## What the task asks:
Exactly as written, transcribe the data from its opening line through the line containing "teresa-lavae thumbnail #2297109". Leave every picture out.

## Material to process:
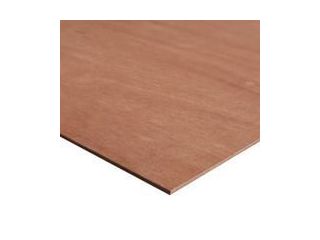 premium-structural-timber-for-stronger-builds-small-0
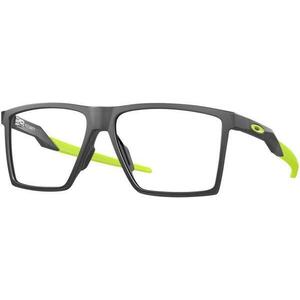 Futurity OX8052-02 kép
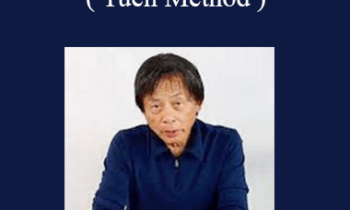 Kam Yuen - Fan Favorite Series ( Yuen Method )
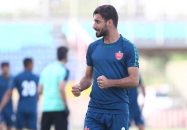 شجاع خلیل زاده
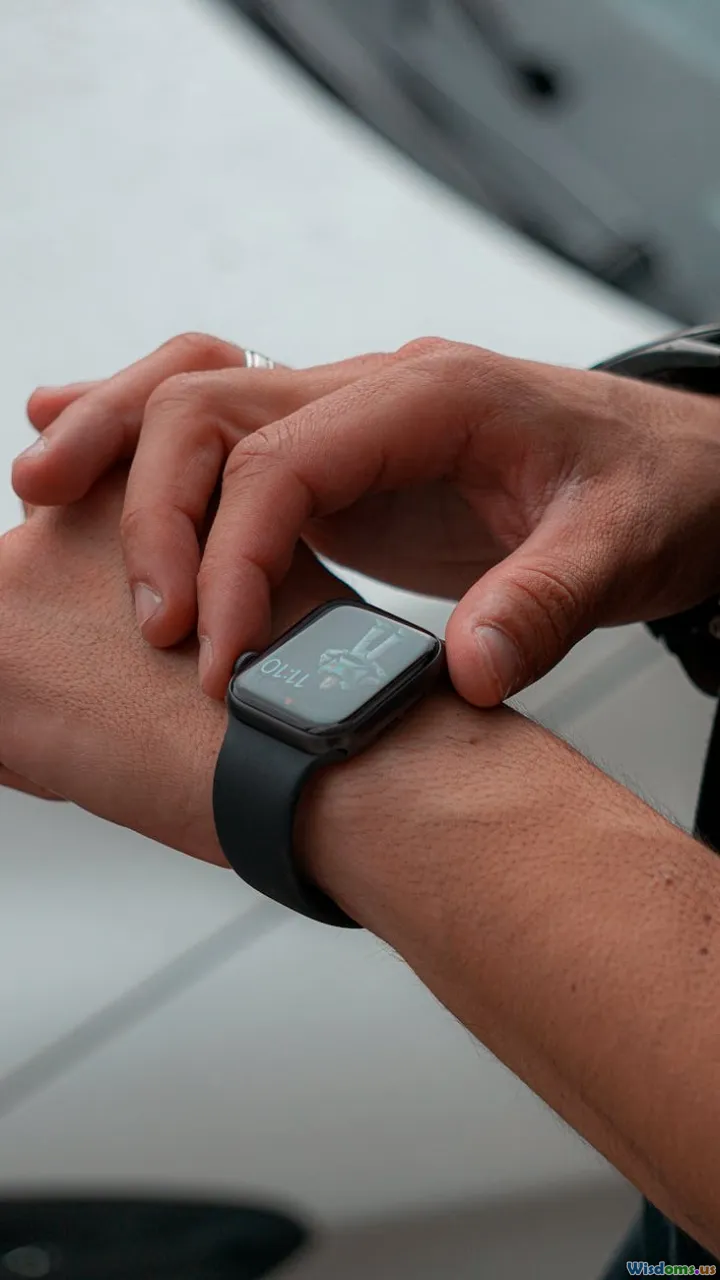 gesture control, emotion recognition, haptic wearable, smart sensors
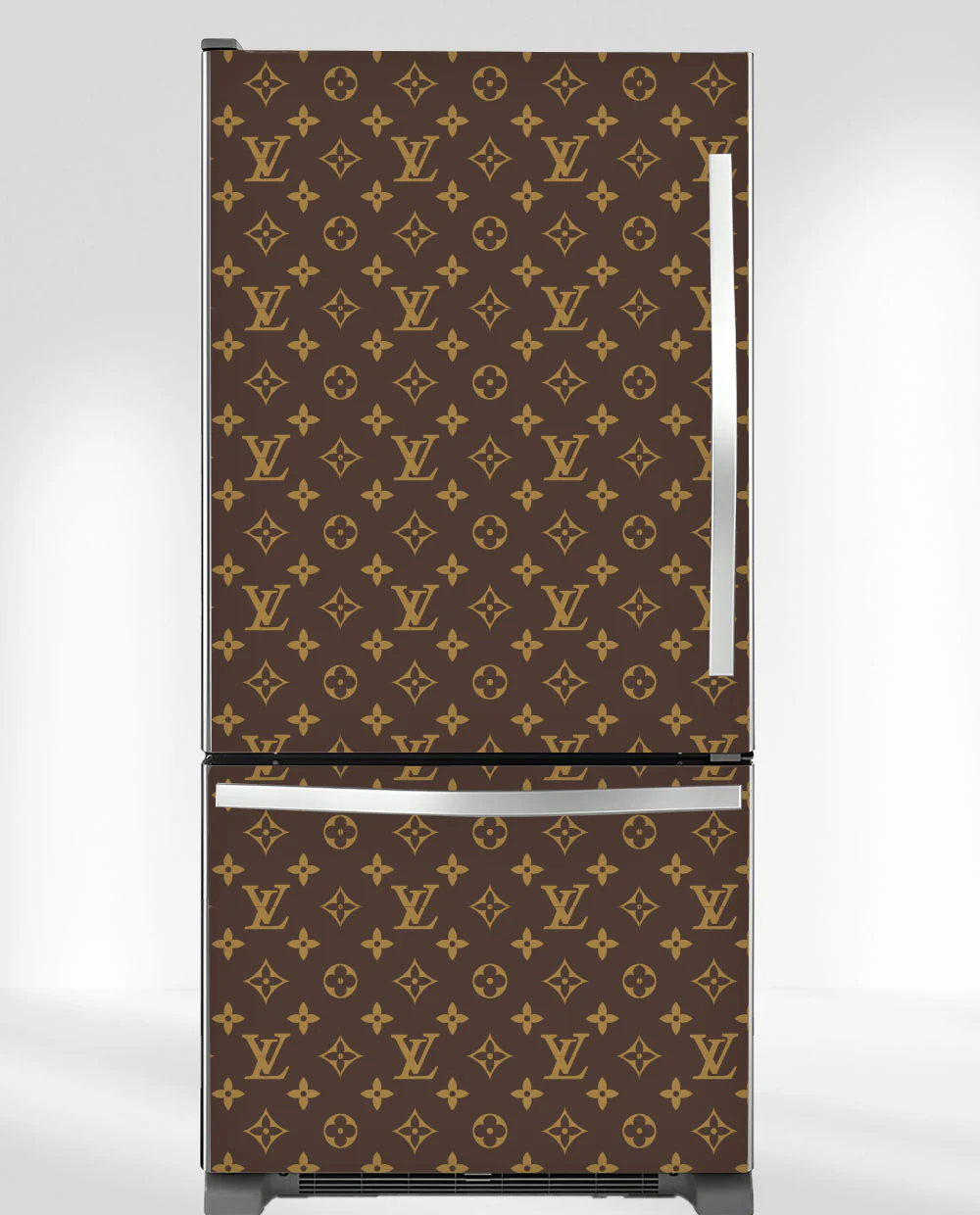 Not real LV - Image 8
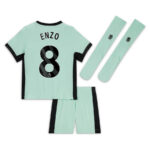 Maillot-Kit-Enfant-Chelsea-Third-2023-2024-Enzo-1.jpg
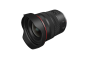CANON RF 14-35mm F4 L IS USM Lens for Canon EOS R
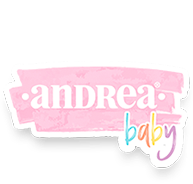 Andrea Baby​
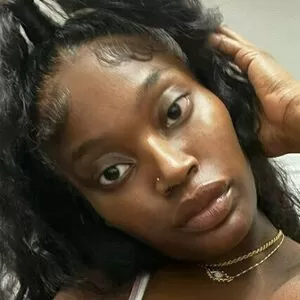 teresa-lavae thumbnail #2297109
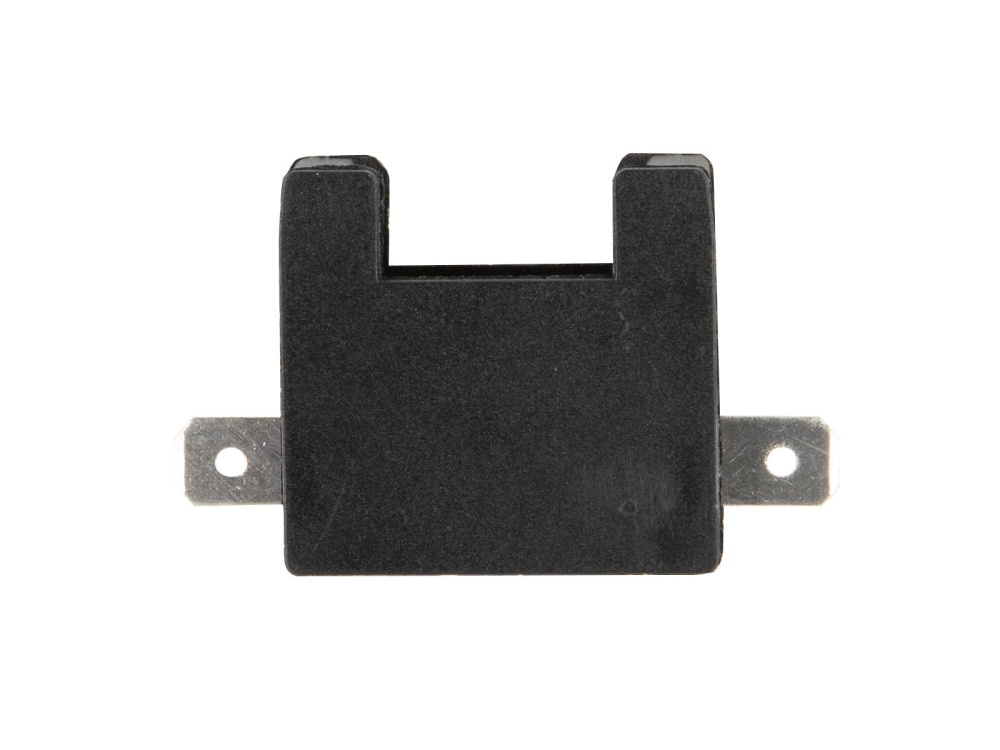 Sicherungshalter ATC 6,3 mm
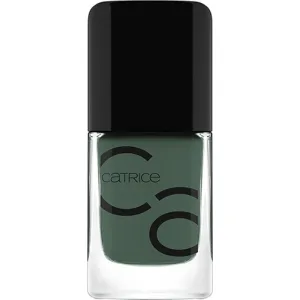 Lac de unghii, Catrice, Iconails 138-into the woods, 10,5 ml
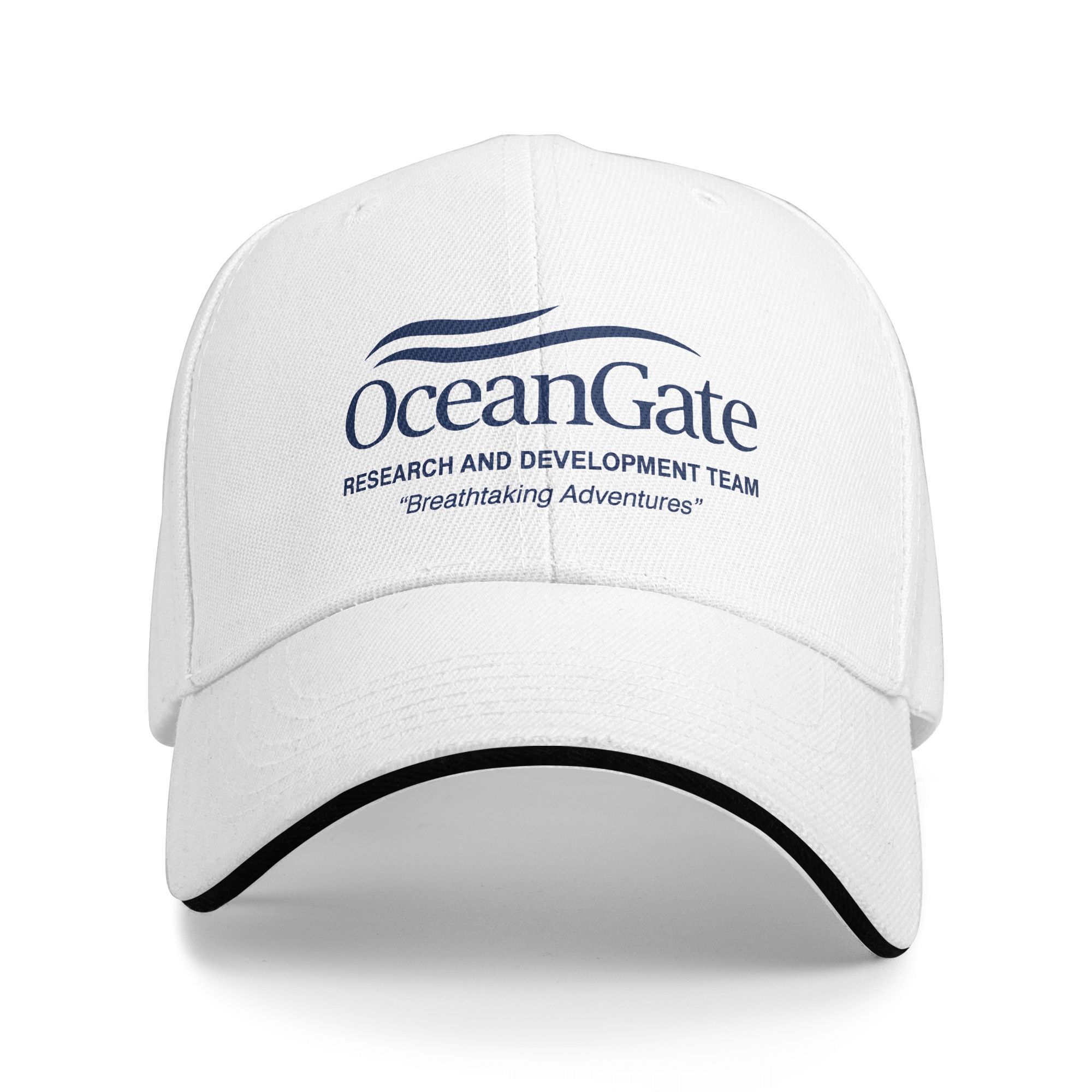 Men'S Accessories On Sale - Casquette de Baseball pour technicien de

## Completed task:
 premium-structural-timber-for-stronger-builds-small-0
 Futurity OX8052-02 kép
 Kam Yuen - Fan Favorite Series ( Yuen Method )
 شجاع خلیل زاده
 gesture control, emotion recognition, haptic wearable, smart sensors
 Not real LV - Image 8
 Maillot-Kit-Enfant-Chelsea-Third-2023-2024-Enzo-1.jpg
CANON RF 14-35mm F4 L IS USM Lens for Canon EOS R
 Andrea Baby​
 teresa-lavae thumbnail #2297109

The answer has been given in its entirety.